Pure premium = Claim frequency × Claim severity
(based on assumption of claim severity independent of claim frequency)

The claim frequency is the number of claims divided by the duration, for some group of policies in force during a specific time period, i.e., the average number of claims per time period (usually one year).

The claim severity is the total claim amount divided by the number of claims, i.e., the average cost per claim.

Model Assumptions: claim frequency is assumed to be distributed according to a Poisson distribution or Negative Binomial distribution etc., which the claim severity follows a Gamma distribution. When actuaries model the pure premium directly, they normally assume Tweedie distribution as the distribution of the pure premium. Looking into the reality, these distributions, which belong to a family of exponential distribution, are reasonable.

The distributions of the response variable is not restricted to normal distribution, but a family of exponential distribution(which is a extension of normal distribution), so that we have to use GLM instead of Linear model.

Implementation Practise (to be continued)

My next article will show a practise of Tweedie GLM application on pricing with R dataset.

Summary

I summarised what the non-life insurance is doing, and then what methods have been used for pricing the insurance, and specifically introduced GLM for insurance pricing, the one in majority use.
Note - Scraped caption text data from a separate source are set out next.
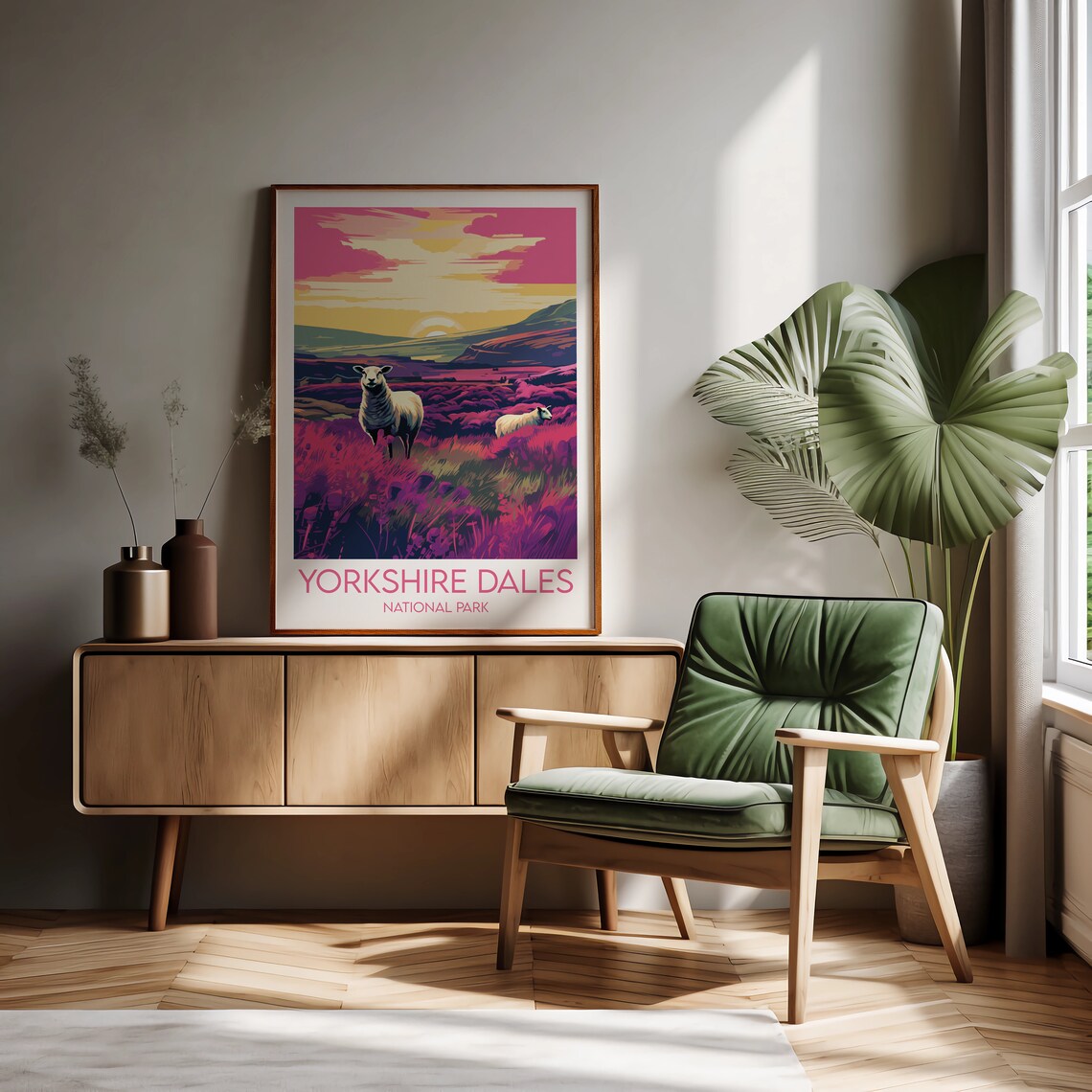 Yorkshire Dales National Park Travel Poster, England UK - Image 2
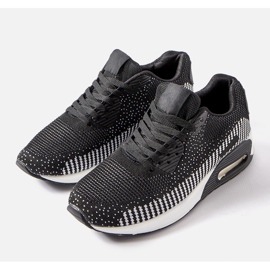 Inna Sorte og hvide Alvin sneakers til mænd 1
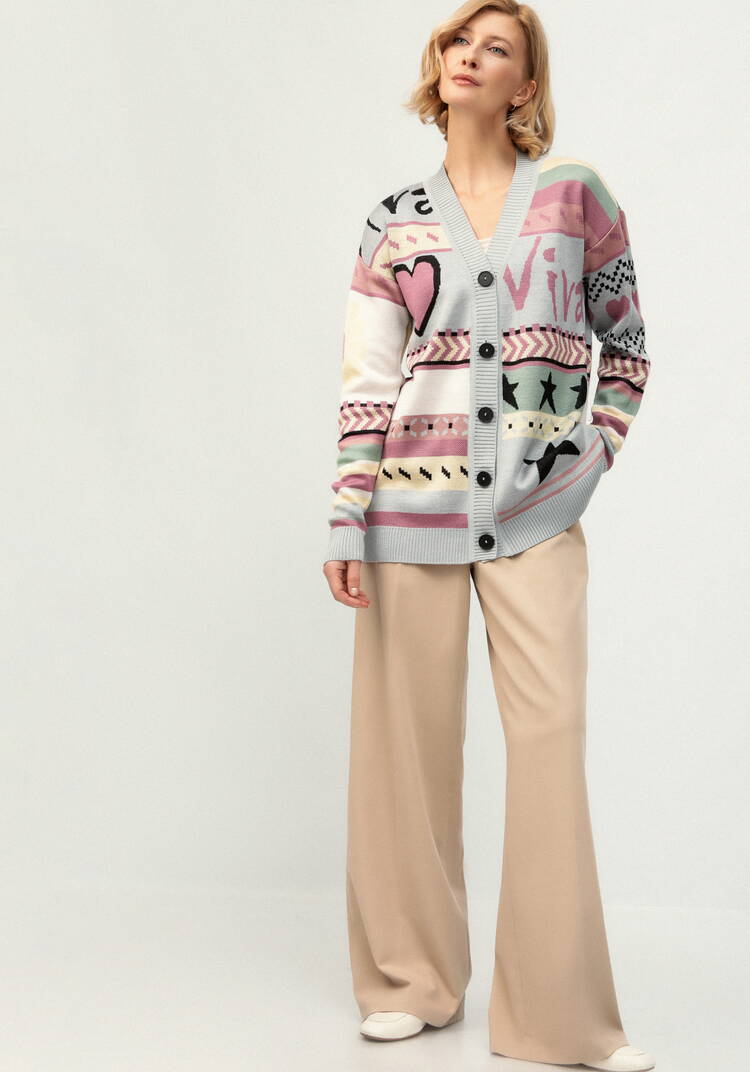 Кардиган удлиненный с ярким рисунком шир.  750, рис. 10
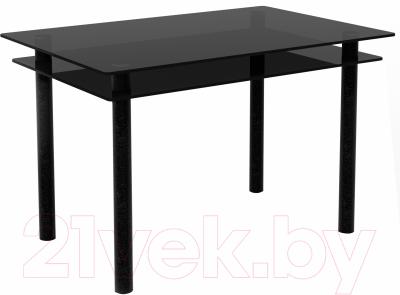 Обеденный стол Artglass Сказка (серый/черный)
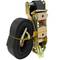Pack de 4 Cinchas de amarre con trinquete y gancho de 4m x 25mm 600 Kg, Color negro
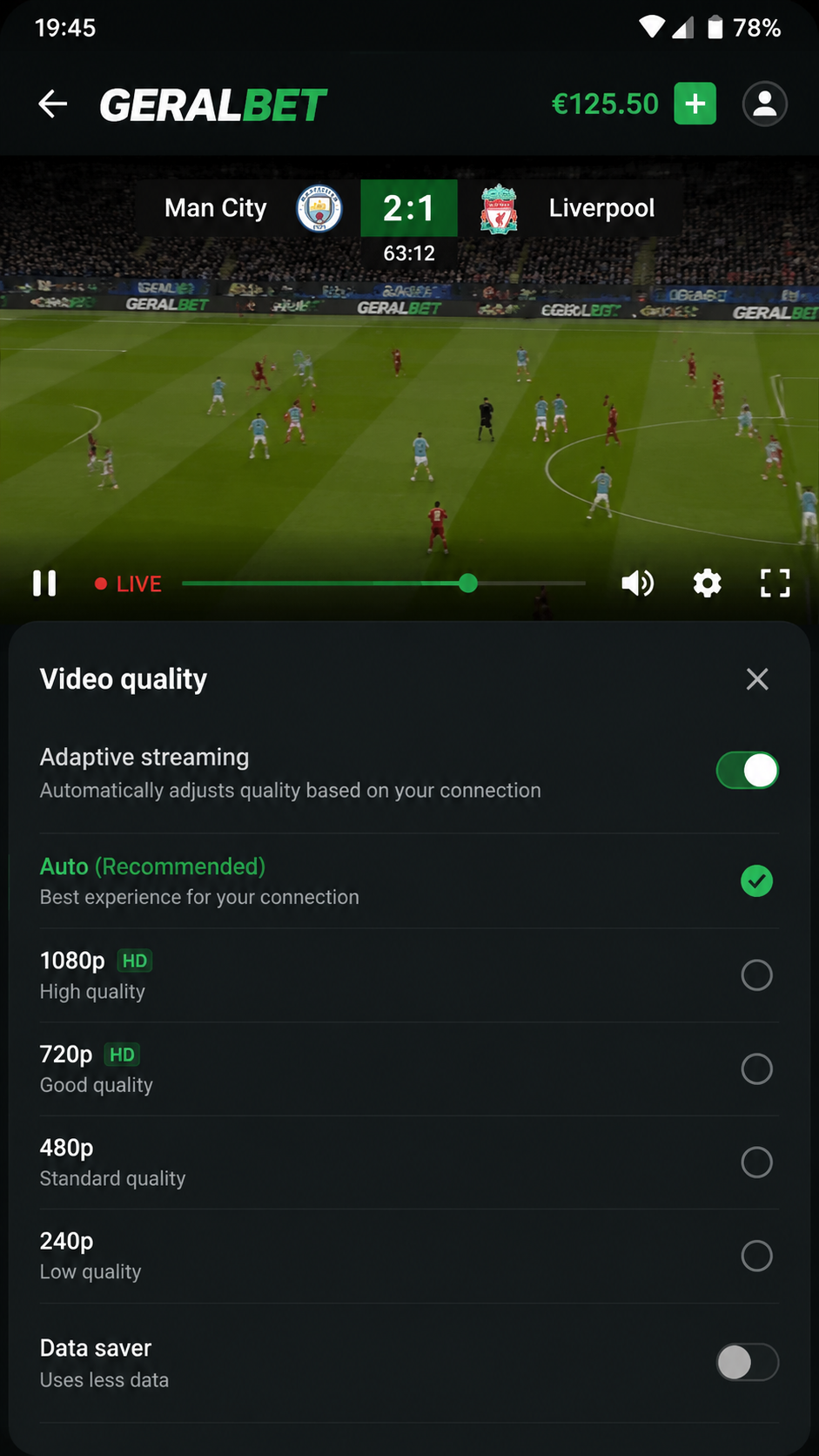 GeralBet screenshot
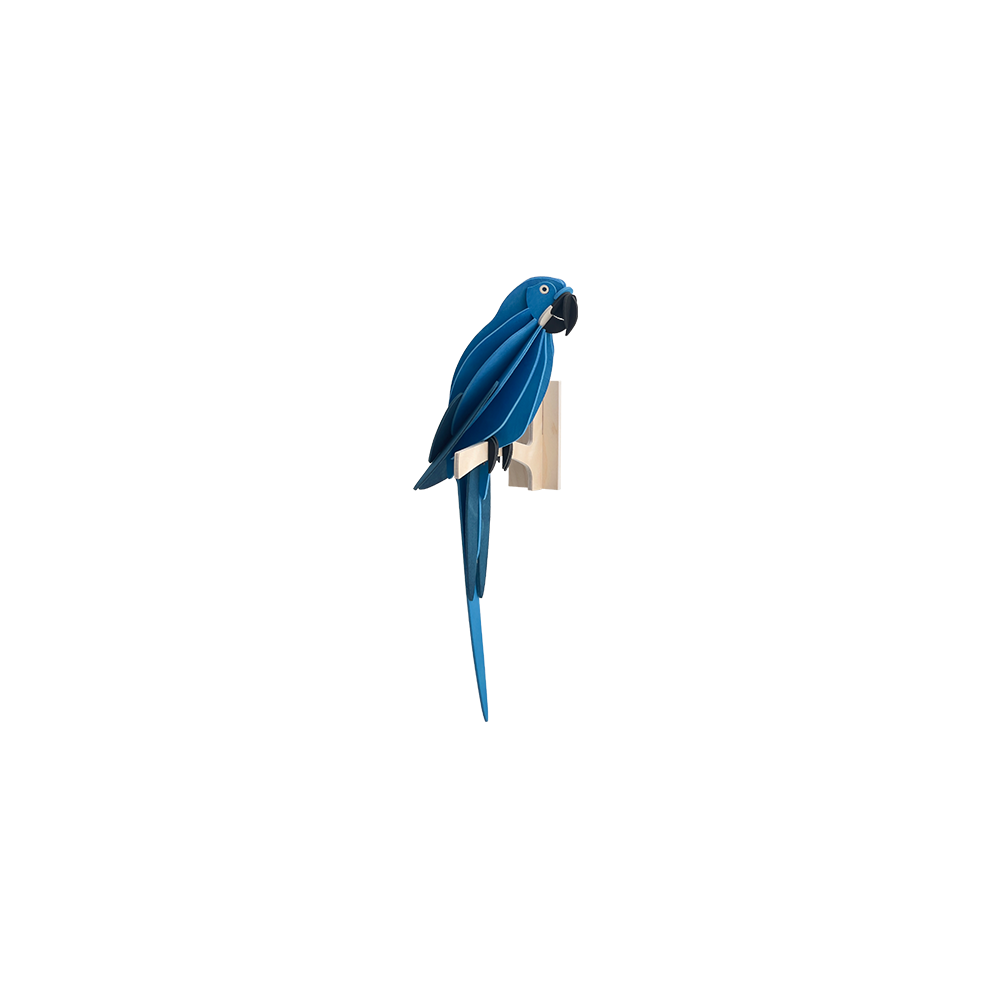 84. Hyacinth Macaw 26cm * 3D Puzzle Card * Lovi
To be continued in next article is a practise of GLM application on pricing by R language and R insurance dataset.

Reference

Bailey R.A., Simon L.R.J., 1960. Two Studies in Automobile Insurance Ratemaking. ASTIN Bulletin, 1 (4) , pp. 192–217.

Jong, P., Zeller, G., 2008. Generalized Linear Models for Insurance Data. Cambridge University Press, Cambridge.

Ohlsson, E., Johansson, B., 2010. Non-Life Insurance Pricing with Generalized Linear Models. Springer, Berlin.

David, M., 2015. Auto Insurance Premium Calculation Using Generalized Linear Models. Procedia Economics and Finance, Volume 20, pp. 147–156.